Before he even began shooting, Lee “pre-visualized” the film by transforming the novel into a cartoon so he could see it, and then made the cartoon into models so he could lend the vision perspective and depth. Only then did he build a set and start to block and shoot the film. To simulate the storm-tossed Pacific in a way that could be convincingly represented on film, Lee had a giant swimming pool (his own “Piscine”) carved into a Taiwanese airport runway—250 feet long and 100 feet wide. This artificial set became a world unto itself in which giant wind blowers and water cannons generated typhoon-level gales and swells. Combined with strategic camera work and digital effects, whatever strained the imagination in the novel seems irresistibly real on screen. Almost none of the Bengal tiger scenes involved an actual tiger. Illusion, again. Pi’s fierce companion was uncannily rendered in 3-D by more than 300 artists and computer scientists working endless hours over a period of years and across continents. Elaborate computer-based analyses of how a Bengal tiger’s fur moves over muscle and bone informed the artists and made the animation indistinguishable from footage of a real tiger.

Ang Lee made an interesting choice in his telling of the novel’s alternate representations  of the shipwreck, evoking the tiger version in stunning visual detail as if we were there, and allowing the human version, told for the insurance company, to be related only in words and materialized only in a typed report. No props, no effects—virtually unrealized as a cinematic experience. Evidently the filmmaker made the same story choice in images that the novelist had made in words: He chose the tiger tale.

And so, in Lee’s version of the story we come full circle. We are back to elaborate calculations again, constructing ordinary shapes and dimensions in infinite digits that are at once real and irrational, factual and transcendental, seen and only imagined—but, somehow, ubiquitous and commonplace.
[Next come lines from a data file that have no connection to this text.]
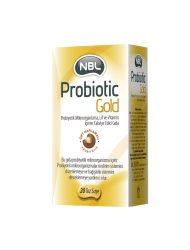 NBL Probiotic Gold Takviye Edici Gıda 20 Toz Saşe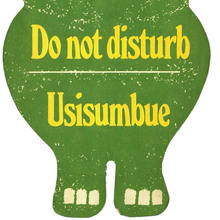 Elephant door hangers, Block Hotels, Kenya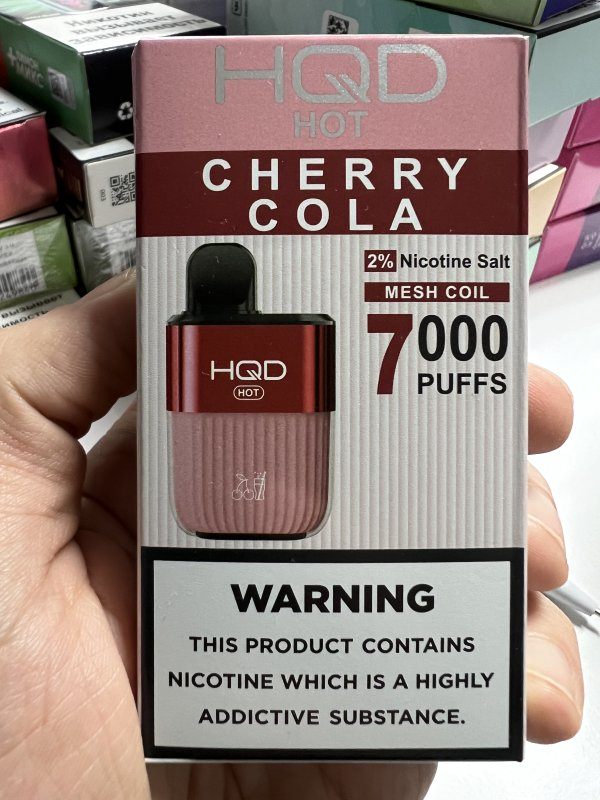 HQD HOT 7000 Cherry Cola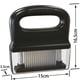 thumbnail image 5 of Meat Tenderizer with Cleaning Brush and 48 Stainless Steel Ultra Sharp Needle Blades,Cooking Tool, 5 of 5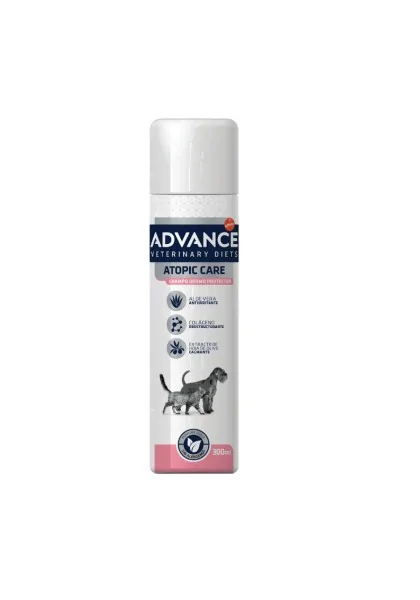 Comida Natural Perro Advance Vet Canine Champu Atopic Care 300Ml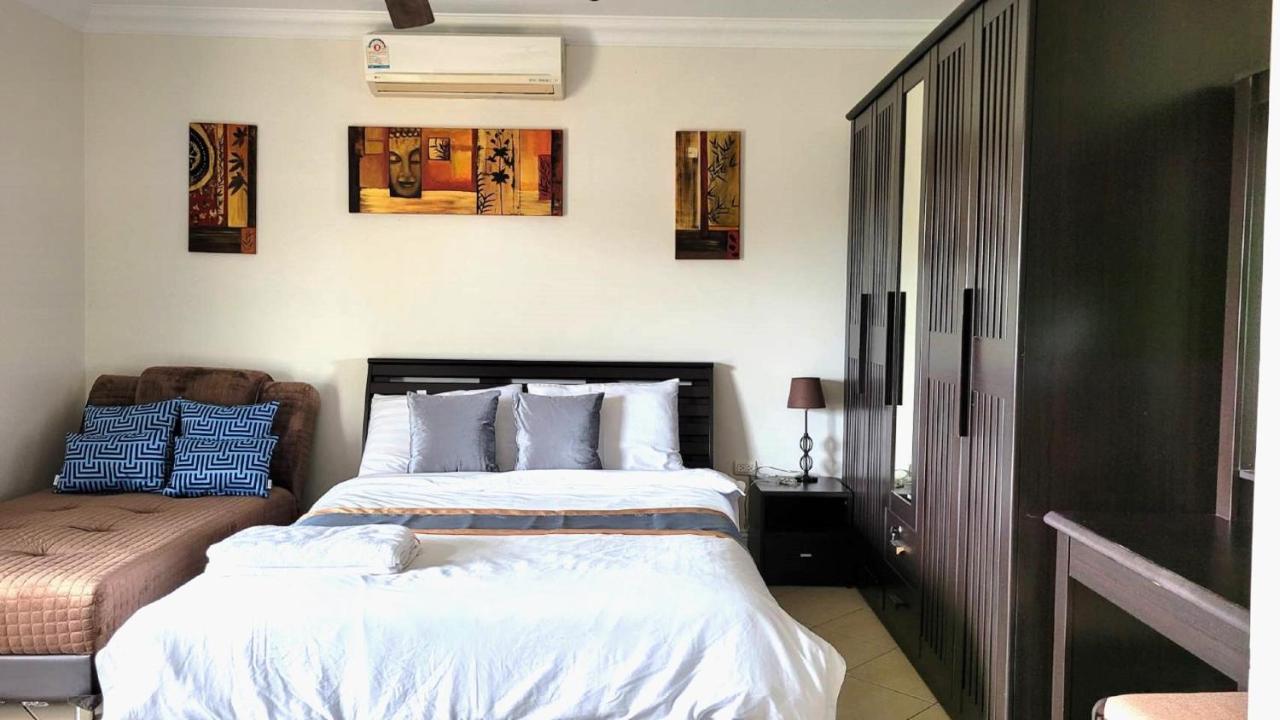 R-Jay Villa L Pattaya L Private Pool L Bbq Ban Huai Yai Exterior foto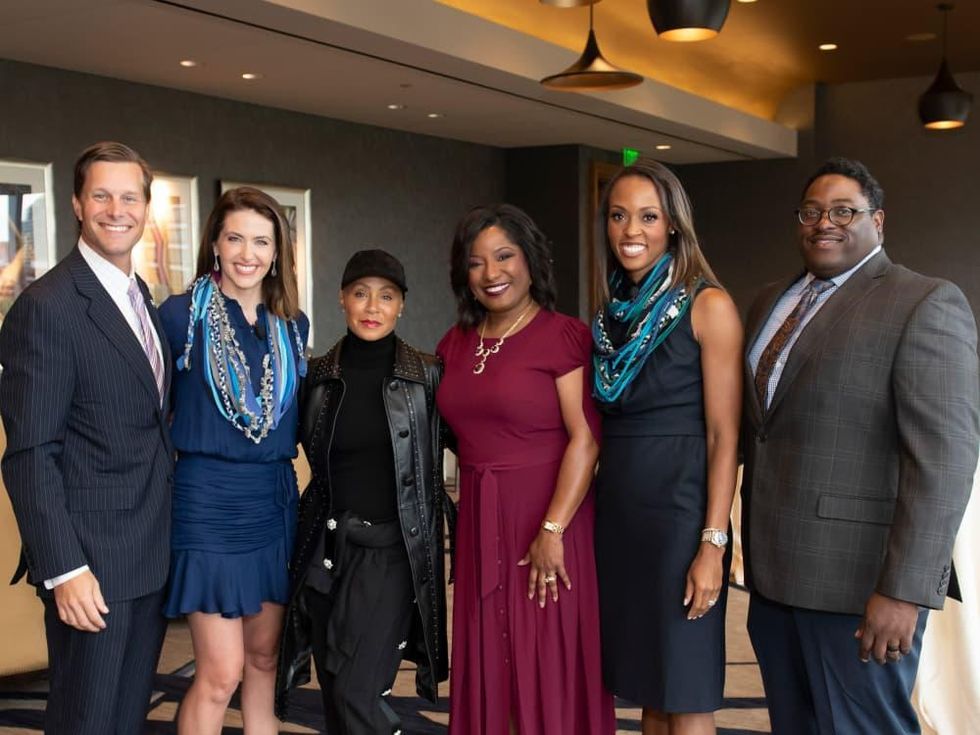 Clayton Huffstutter, Shelly Slater, Jada Pinkett Smith, Kim Robinson, Christa Sanford, Ketric Sanford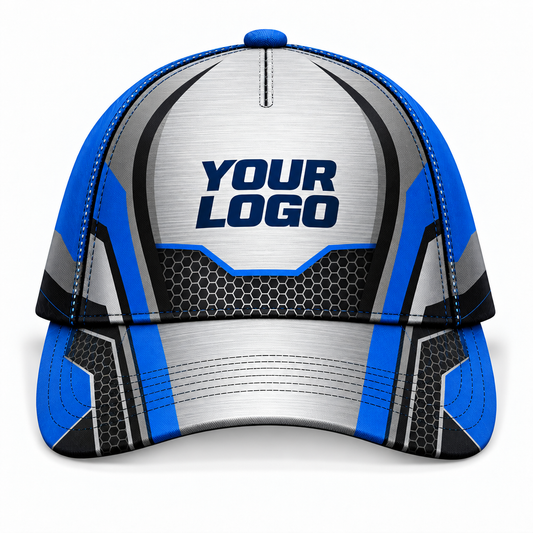 HVMC01B personalized cap front product mockup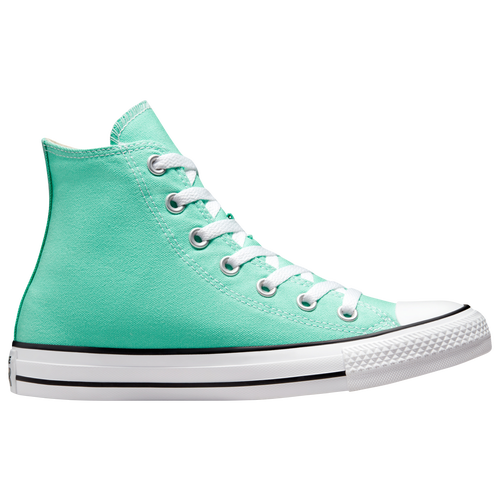 Shop Converse Womens  Chuck Taylor All Star High In Cyber Teal/white/black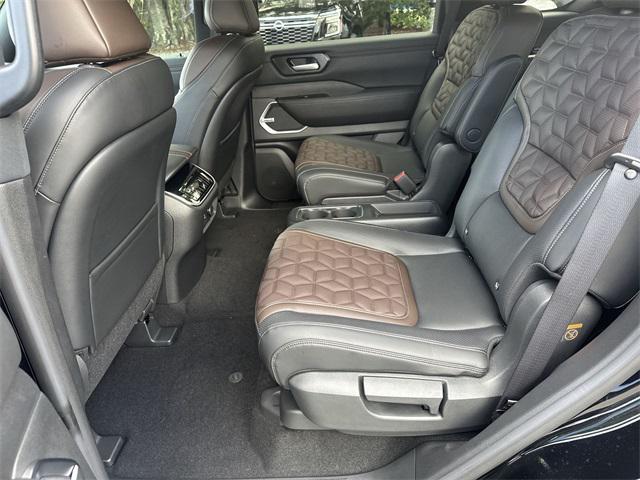 new 2025 Nissan Armada car, priced at $81,937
We all live in the tales we tell, in the circle of our own lives, with a fierce companion at our side, threatening our existence and giving shape to our life stories. We live in the relationship between the circumference of our life’s wanderings and the through line of its diameter. We are in the infinitely unrepeating sequence of the life of pi. We all have our own stories to tell, and the responsibility to choose well.